Prendendo in esame il primo semestre del 2024 , notiamo:
- 9.911 gli atti persecutori (nel primo semestre 2023 erano 8.413)
- 15.924 i maltrattamenti contro familiari e conviventi (nel primo semestre 2023 erano 12.955)
- 3.031 le violenze sessuali (nel primo semestre 2023 erano 2.880)
Aumentano, rispetto al 2023, anche quasi tutti i reati legati al Codice rosso (ovvero quattro nuove fattispecie di reato introdotte con la Legge 69 del 2019). Nello specifico, prendendo in esame il primo semestre del 2024, sono stati denunciati:
- 698 casi di revenge porn (nel primo semestre 2023 erano 620)
- 1540 reati di violazione dei provvedimenti di allontanamento dalla casa familiare e del divieto di avvicinamento (nel primo semestre 2023 erano 1170)
- 13 reati di costrizione o induzione al matrimonio (nel primo semestre 2023 erano 9)
- 40 reati di lesioni permanenti al viso (nel primo semestre 2023 erano 44)
Cosa si sta facendo e cosa manca
Secondo i dati ISTAT, il 28,1% delle donne che subiscono violenza dal partner non ne parla con nessuno. Solo il 12,2% delle violenze da parte del partner viene denunciato, e per le violenze di non partner la percentuale scende al 6%.
Dati preoccupanti che ci dimostrano che la strada è lunghissima.
In Italia, ci sono oggi 816 centri antiviolenza e case rifugio. Queste strutture offrono un primo supporto alle vittime, ma spesso operano con risorse limitate. Nonostante l’aumento dei fondi destinati al contrasto della violenza di genere, molte organizzazioni denunciano ritardi nei finanziamenti e difficoltà a garantire supporto continuativo.

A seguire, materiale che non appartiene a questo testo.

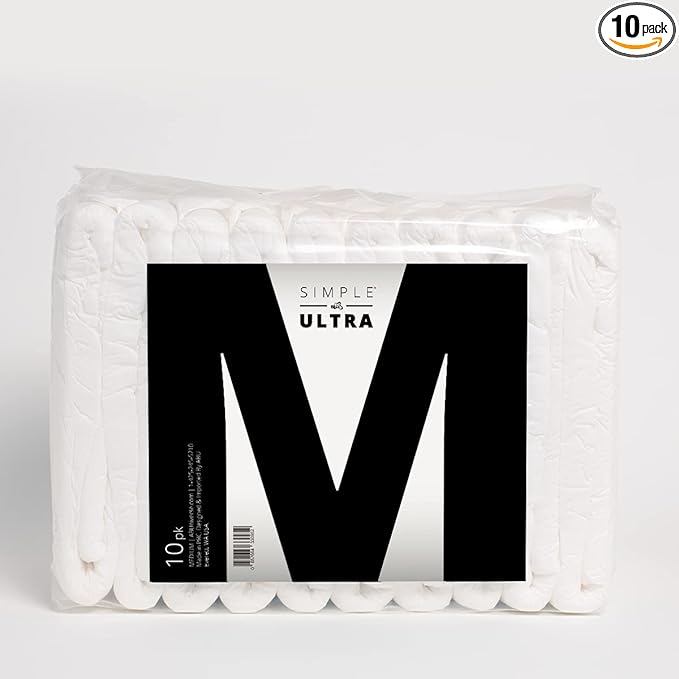 ABUniverse Simple Ultra Diapers - Pack of 10 (Extra Large)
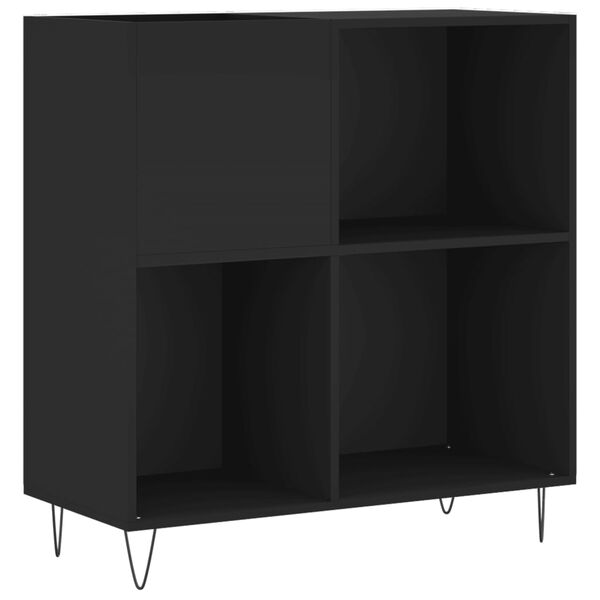 vidaXL Hifi-benk svart 84,5x38x89 cm konstruert tre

A livello istituzionale, il Piano Strategico Nazionale sulla violenza maschile contro le donne è stato aggiornato con nuovi obiettivi, tra cui la promozione di percorsi educativi nelle scuole per prevenire la violenza e sensibilizzare le nuove generazioni. Tuttavia, la sua implementazione è ancora parziale, e le risorse stanziate risultano insufficienti. Sarebbe inoltre utile l’attivazione di percorsi di educazione sessuale che insegnino ai giovani uomini la cultura del rispetto e non quella della sopraffazione, allontanandoli da altre forme non adatte di educazione (come la pornografia) o comunque aiutandoli a interpretarle.
Un’altra area critica è l’accesso alla giustizia: molte vittime trovano ostacoli nel richiedere misure di protezione o nel portare avanti un processo legale.
Inoltre, la formazione delle forze dell’ordine e degli operatori giudiziari è spesso inadeguata, e ha conseguenze dirette sulla capacità di accogliere e gestire le denunce.
Ciò che manca, in pratica, è un approccio più coordinato e capillare, che coinvolga non solo le istituzioni ma anche il settore privato, le scuole e le comunità locali. Quindi che gestisca un problema sistemico.
L’importanza di una ricorrenza
Il tema della giornata è chiaro: parlare di violenza di genere aiuta più donne a chiedere aiuto. Ma come si può fare? Alimentando il dibattito, partecipando alle manifestazioni, mettendo in discussione schemi sociali considerati immutabili, informandosi e approfondendo il tema.
Le iniziative legate a questa ricorrenza sono tante, in diverse parti d’Italia. A Milano, dalle 10 alle 18 in piazza San Babila, si svolgerà l’evento Io non sto zitta. Rompiamo il silenzio. Uniti contro la violenza sulle donne, un appuntamento di sensibilizzazione sul tema. A Firenze, sono previsti circa 60 eventi sparsi in vari punti della città.
Sabato 23 novembre, a Roma si è tenuta la manifestazione organizzata dal movimento femminista Non Una Di Meno, con un corteo che ha coinvolto migliaia di persone: secondo gli organizzatori, circa 150mila. Il corteo è partito da Piazzale Ostiense ed è arrivato in Piazza Vittorio Emanuele II.
Insomma, abbiamo bisogno di una ricorrenza così importante. E lo dimostra anche il fatto che, nei giorni vicini al 25 novembre, si registra un aumento delle chiamate al 1522, il numero per le vittime di violenza e stalking.
Il 1522 è attivo 24 ore su 24, ogni giorno dell’anno, ed è gratuito su tutto il territorio nazionale. Garantisce anonimato e supporto in diverse lingue, tra cui italiano, inglese, francese, spagnolo, arabo, farsi, albanese, russo, ucraino, portoghese e polacco. Chiamalo, se sei in difficoltà.